🤖 AI Summary
Entity linking in music historical texts is severely hindered by the widespread absence or sparsity of named entities—especially historical figures, works, and institutions—in mainstream knowledge bases (KBs). Method: We propose an unsupervised, knowledge graph (KG)-enhanced framework that uniquely integrates KG logical constraints with heuristic NIL (Not-In-KB) entity identification, leveraging KG embedding, unsupervised semantic matching, and historical context modeling. Contribution/Results: To support evaluation, we introduce MHERCL—the first fine-grained, human-annotated benchmark for music cultural heritage, covering three underrepresented entity types. Experiments demonstrate that our model consistently outperforms state-of-the-art methods on MHERCL, achieving substantial gains in linking robustness and cross-domain generalization.

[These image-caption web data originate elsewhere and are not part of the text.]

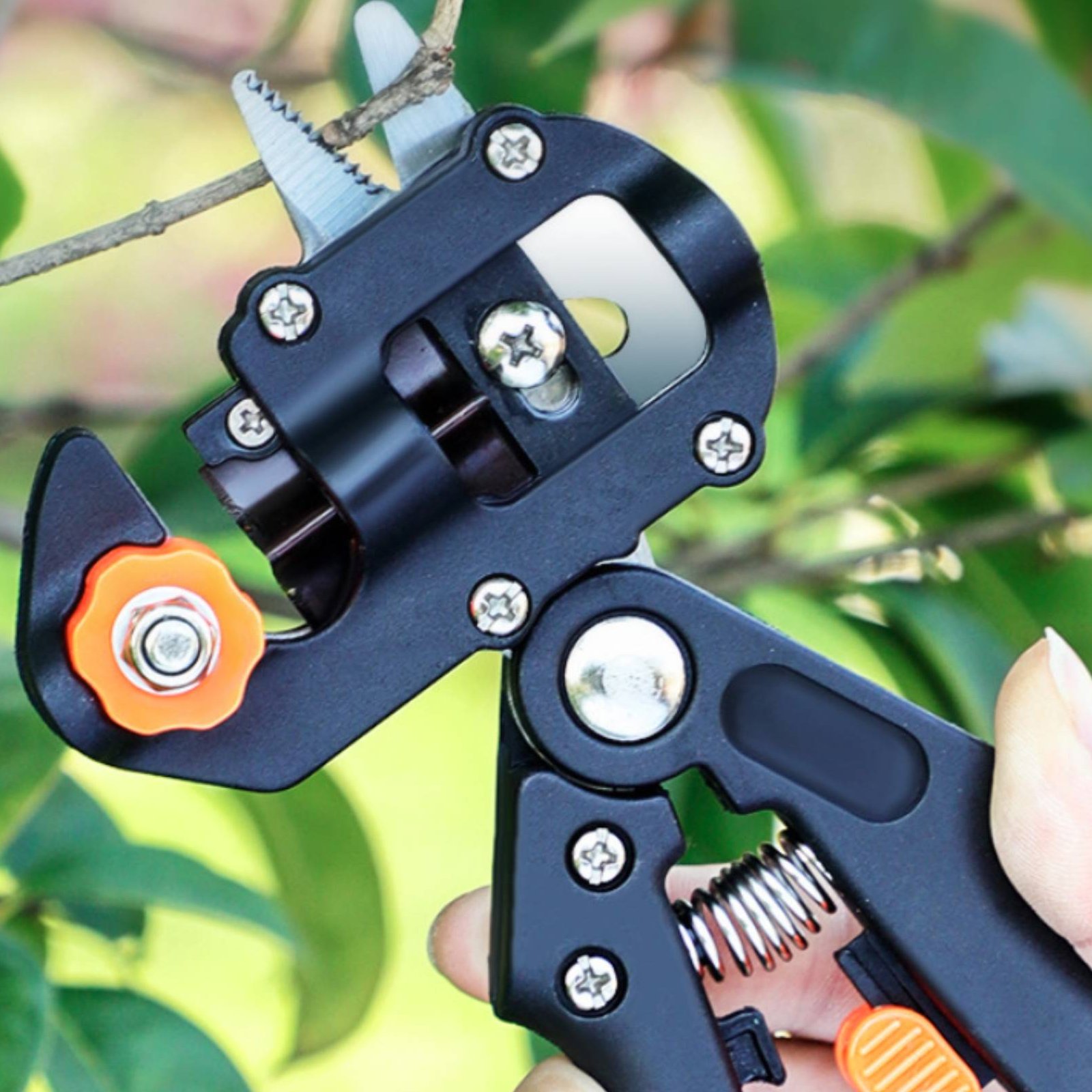 剪定接ぎ木鋏 2 in 1 果樹接ぎ木カッター マルチブレー - Pruning Shears のレビューと価格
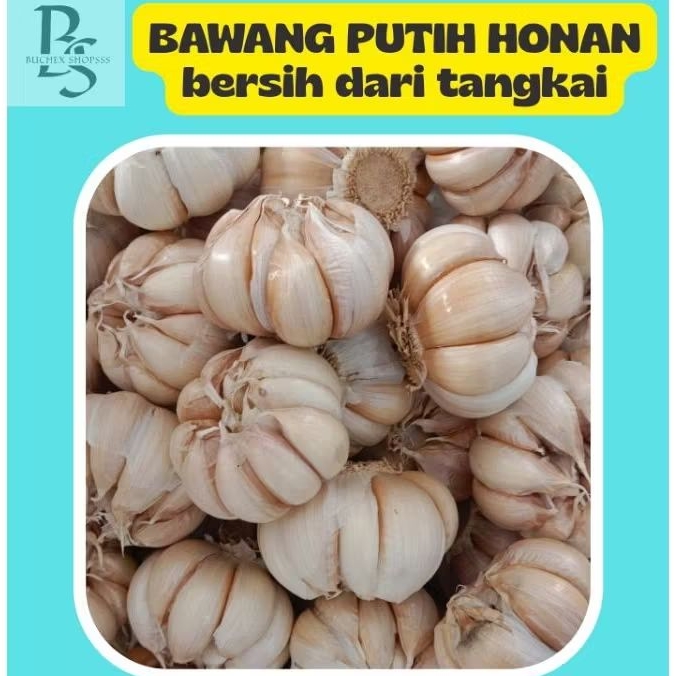 

Bawang Putih Honan Bulat Bersih dari tangkai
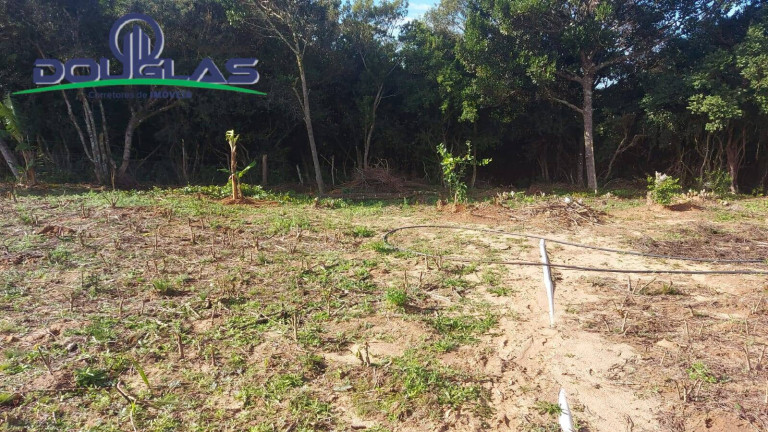 Imagem Chácara com 2 Quartos à Venda, 204.080 m² em Viamão Imagem Chácara com 2 Quartos à Venda, 204.080 m² em Viamão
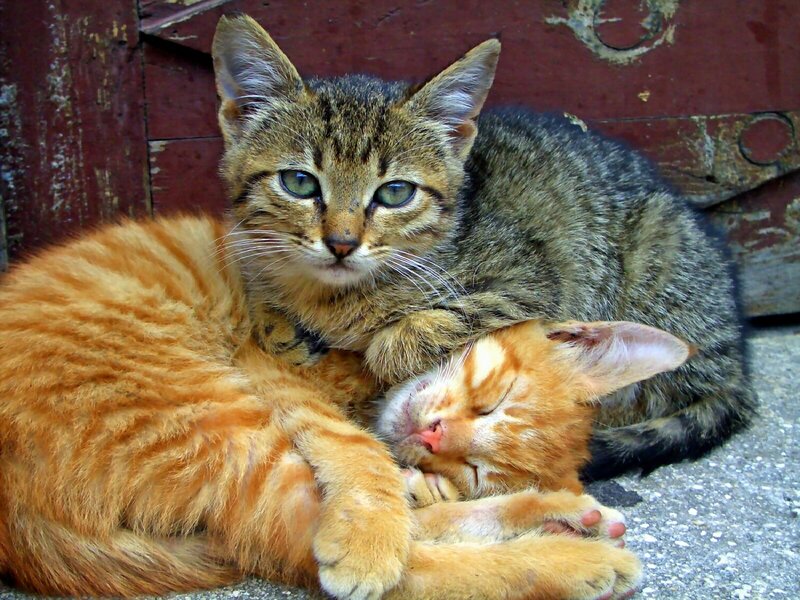 Two Cats Cuddling — Orange, Peaceful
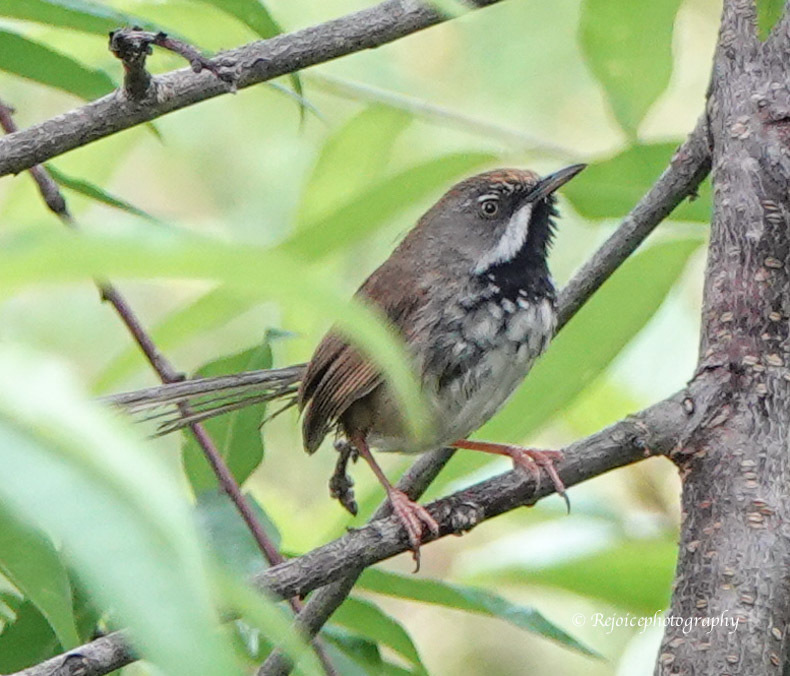 Rufous-crowned Prinia (Prinia khasiana) photo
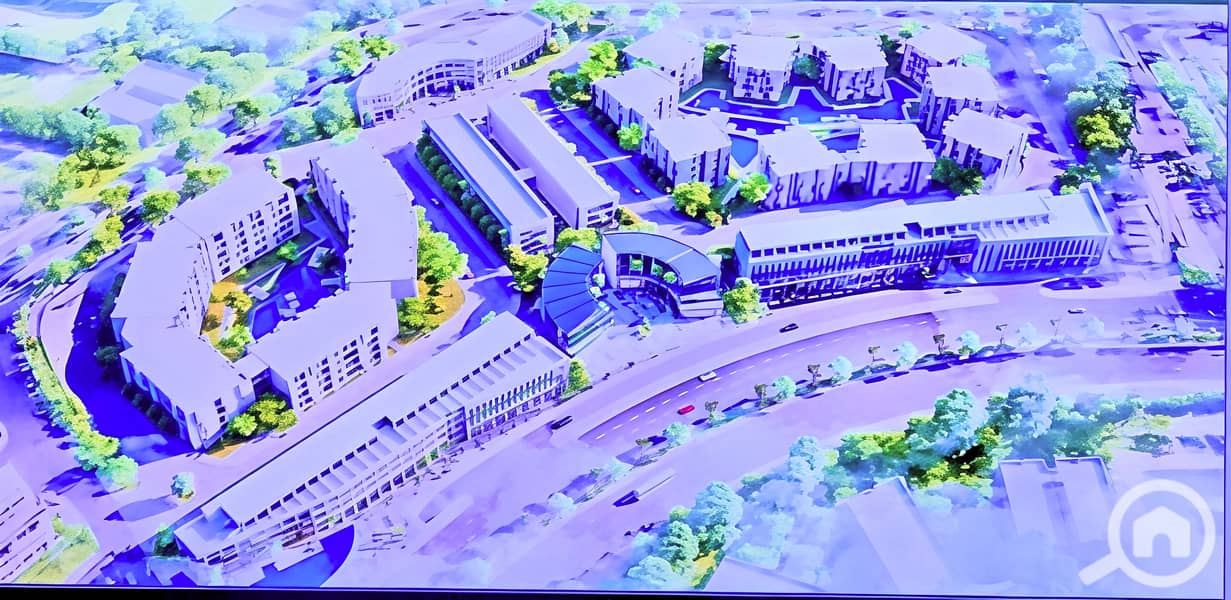 5 IMG_20251120_143834. jpg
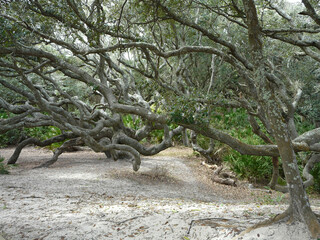 Cumberland Island Southern Live Oaks Leaning. Cumberland Island, Georgia, Sea Camp path. Maritime forest Live Oaks between dunes and salt marsh lean away from the ocean due to wind and salt spray.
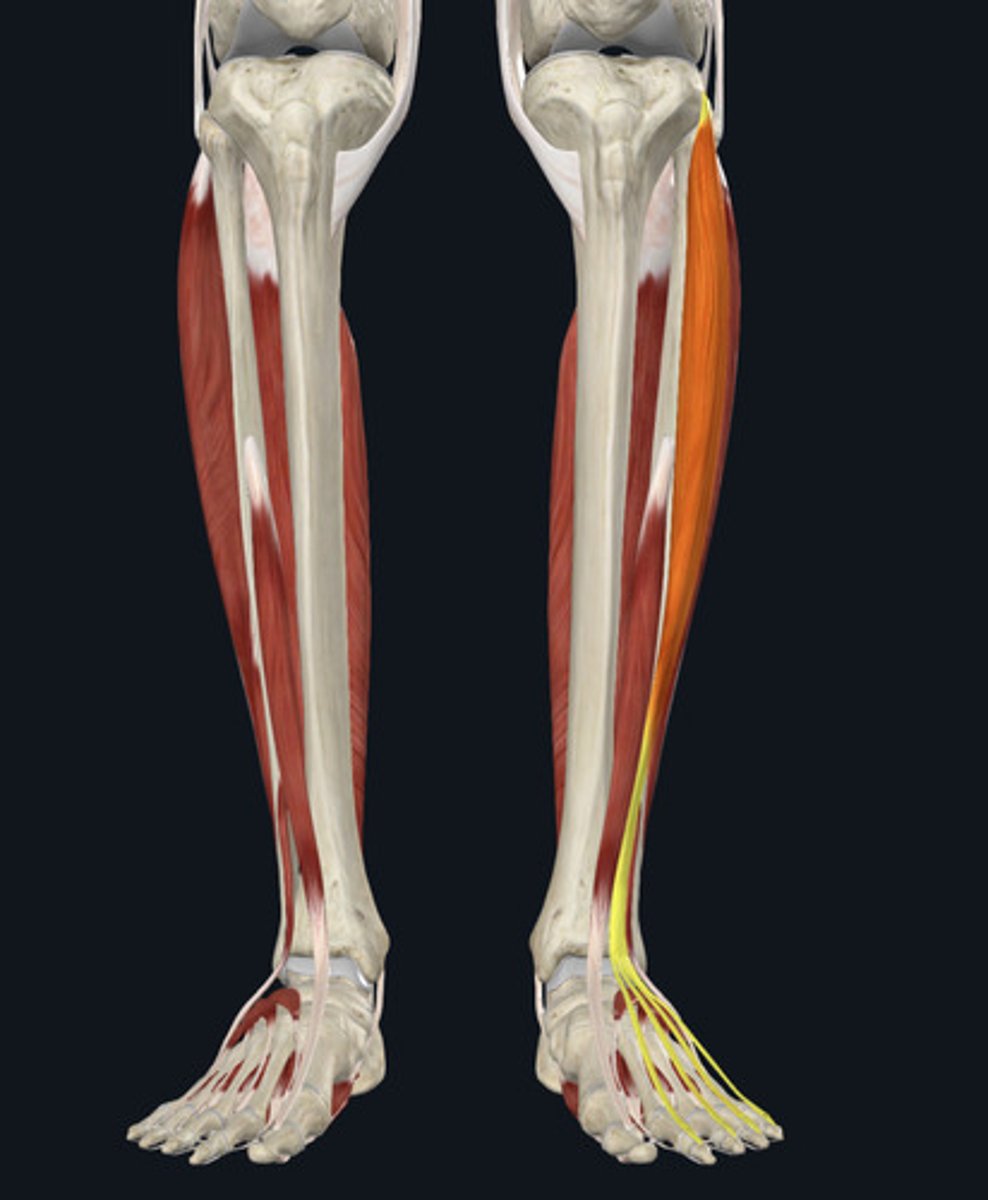 <ul><li><p><u>Origin:</u>&nbsp;<strong>Tibia </strong>&amp; fibula</p></li><li><p><u>Insertion:</u>&nbsp;<strong>Digits</strong>, toes</p></li><li><p><u>Action:</u>&nbsp;Toe (digit) extension</p></li></ul><p></p>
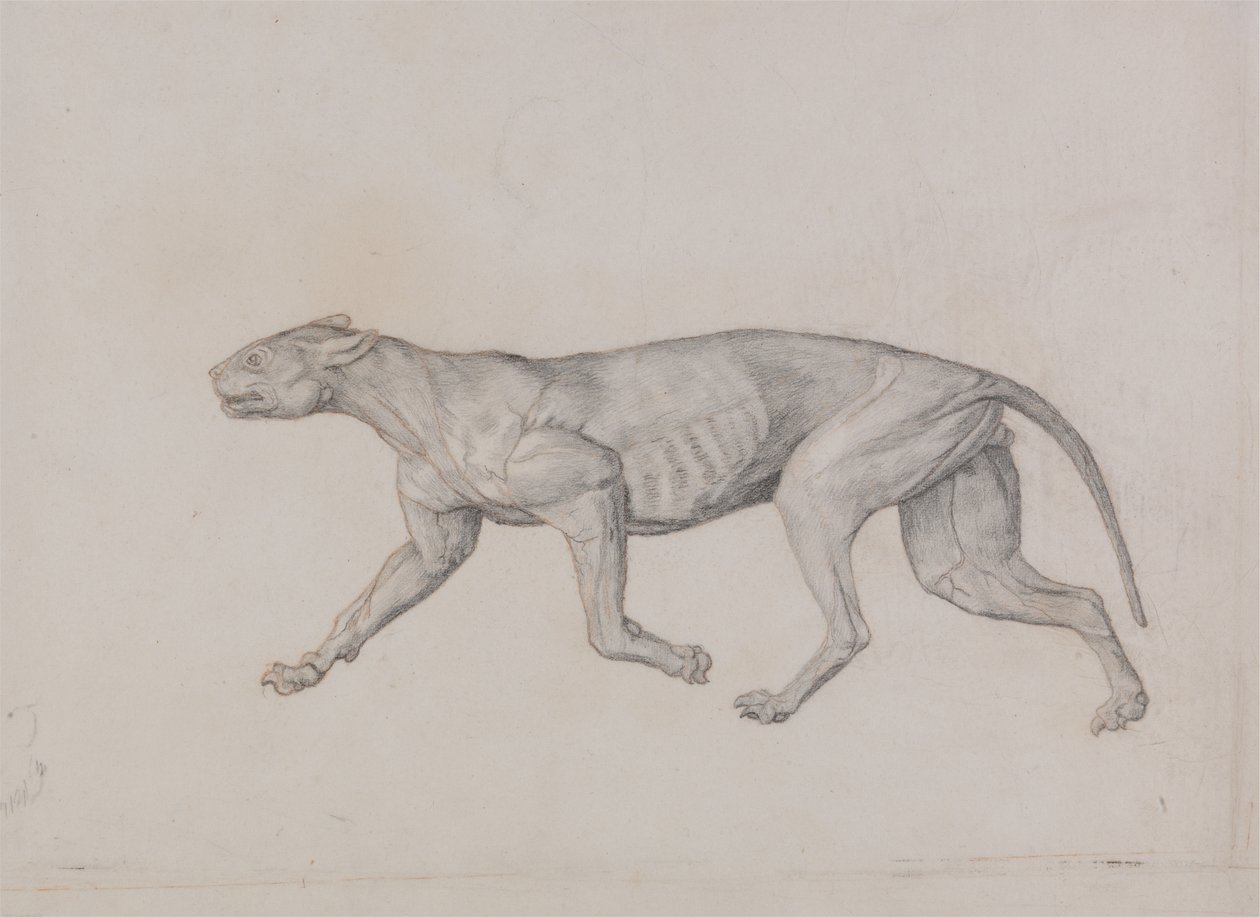 Studio di una tigre, vista laterale, da A Comparative Anatomical Exposition of the Structure of the Human Body with that of a Tiger and a Common Fowl da George Stubbs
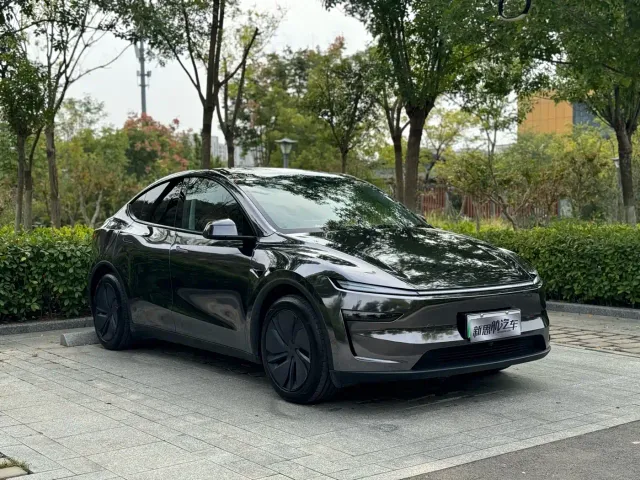 Tesla Model Y — Фото автомобиля 3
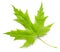 Maple green leaf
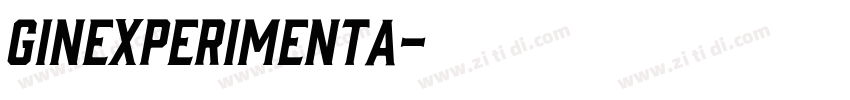 GINExperimenta字体转换
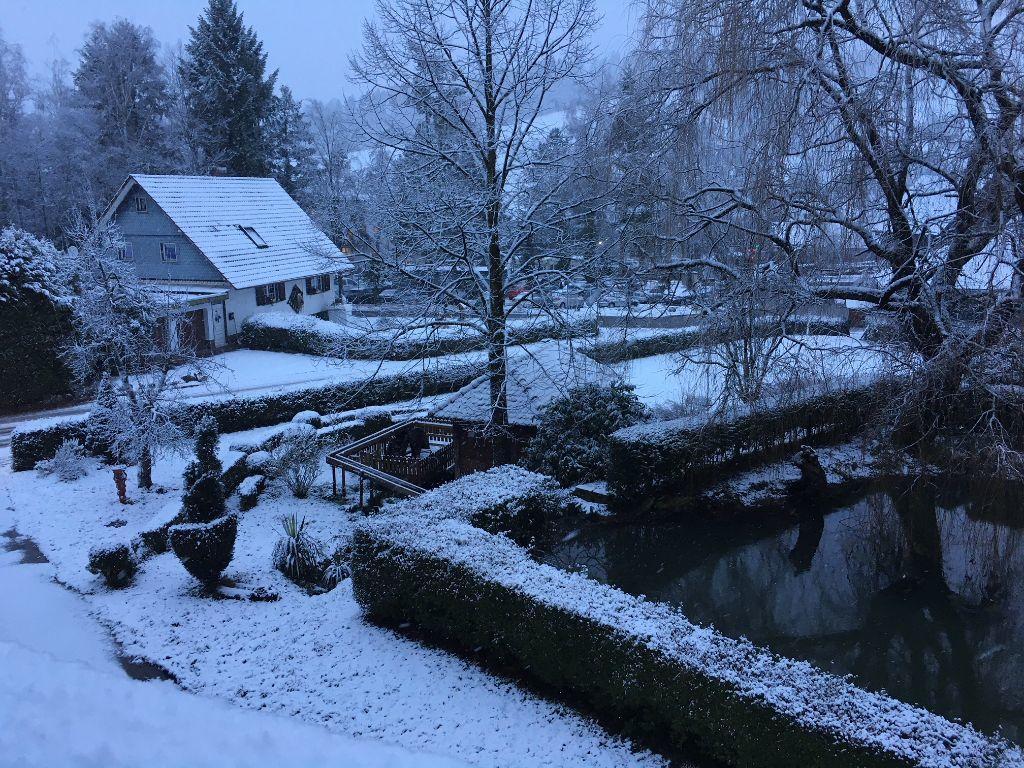 Mattenhof Zell am Harmersbach Bagian luar foto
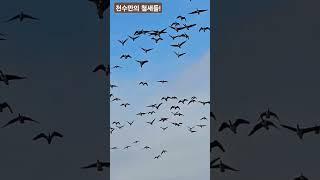 천수만  철새들의 비상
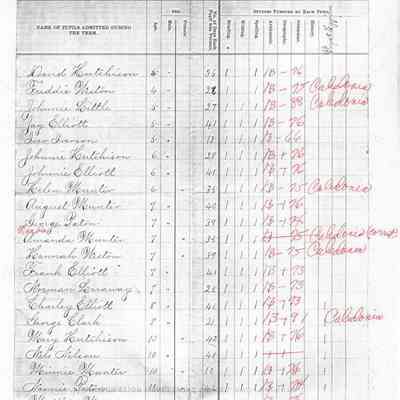 Caledonia School No. 4, Teacher's Report, 1887-06 (June)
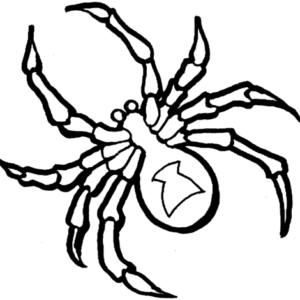 Spider coloring pages printable for free download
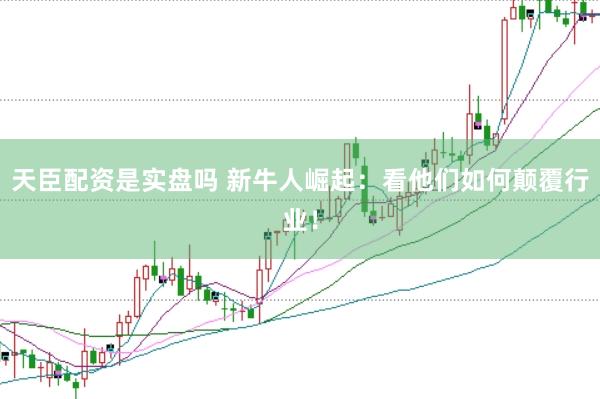 天臣配资是实盘吗 新牛人崛起：看他们如何颠覆行业！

This validates the efficacy of KG-guided unsupervised learning for historical text entity linking.
📝 Abstract
Linking named entities occurring in text to their corresponding entity in a Knowledge Base (KB) is challenging, especially when dealing with historical texts. In this work, we introduce Musical Heritage named Entities Recognition, Classification and Linking (MHERCL), a novel benchmark consisting of manually annotated sentences extrapolated from historical periodicals of the music domain. MHERCL contains named entities under-represented or absent in the most famous KBs. We experiment with several State-of-the-Art models on the Entity Linking (EL) task and show that MHERCL is a challenging dataset for all of them. We propose a novel unsupervised EL model and a method to extend supervised entity linkers by using Knowledge Graphs (KGs) to tackle the main difficulties posed by historical documents. Our experiments reveal that relying on unsupervised techniques and improving models with logical constraints based on KGs and heuristics to predict NIL entities (entities not represented in the KB of reference) results in better EL performance on historical documents.